Well it's been an interesting week with Ray and I. We have went to a karaoke bar in Glen Burnie one time awhile ago and Ray and I saw this guy who was pretty hot. Even though this guy is hot it doesn't mean that i prefer him over Ray at all. This guy was just simply put HOT str8 man candy and nothing more then that. Sure I may had bought him up often then I should but Ray and I both see what we think is a hot guy and let each other know. When we would see a nice looking guy we would compare him to the "Best Buy guy" who was really nice looking or the "Karaoke bar guy" or some of the hot man candy at the Renaissance festival that we saw. I personally think that it is harmless but I have been coming to the conclusion that it isn't a good idea at this time. I didn't know what it was doing to Ray with him thinking I would rather be with them then him. In no way in hell is that the case. Besides the guy at the karaoke bar wouldn't have anything to do with me because simply put I don't have a vagina even if I was single he wouldn't pay me no mind :) Sure I talked to the bartender about the hot guy but it was just to say that he is HOT not about his sexual preference or anything like do you think he would foul around with gay guys. What seemed to be innocent admiration and conversation to me wasn't so for Ray and that I do regret that. By no means was it going to be anymore then that. Hearing Ray's stories about how he use to land str8 boys in the past is hot and I like hearing them. Though with that being said it isn't by no means me wanting to try to be with one myself. They can't offer what Ray has to offer and they aren't my type. Sure the nice str8 muscle guys are hot to look at and all but Ray is the pretty bear type that my body yearns for. Every time I see Ray I think to myself I'm so lucky to have this HOT man all to myself and that is the God's honest truth.
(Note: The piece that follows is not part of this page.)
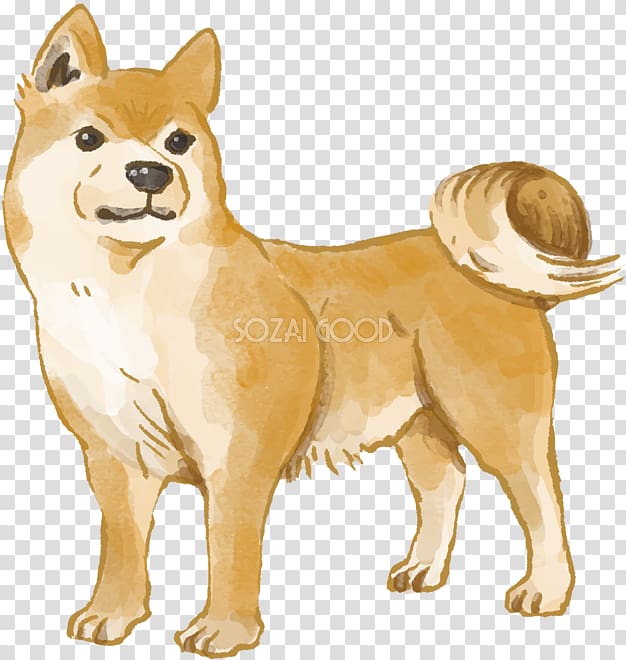 Ancient dog breeds Finnish Spitz Shiba Inu Pomeranian, Dog illust transparent background PNG clipart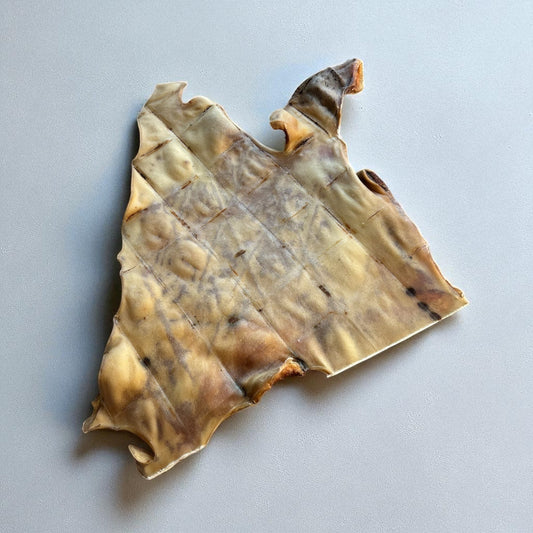 Plaque de peau de bœuf XL Le Palais Canin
Yeah it was hard for me to hear what he said in his post "It wasn't easy" I had no idea how much he really hates gay guys like me. I didn't really know what to say to him except why are you bothering with me then? The point being made here is I have been changing from being the type of gay guy that he hates. However, don't get it twisted it isn't because of him it's because I want to change.Wanting to mature and be more of a grown up has encourage me to become different. It is also no secret that gay guys have hurt Ray in the past but I keep telling him I'm not that kind of gay guy. I probably will have some traits that he won't like for some time to come but I can't lose myself in the process of maturing.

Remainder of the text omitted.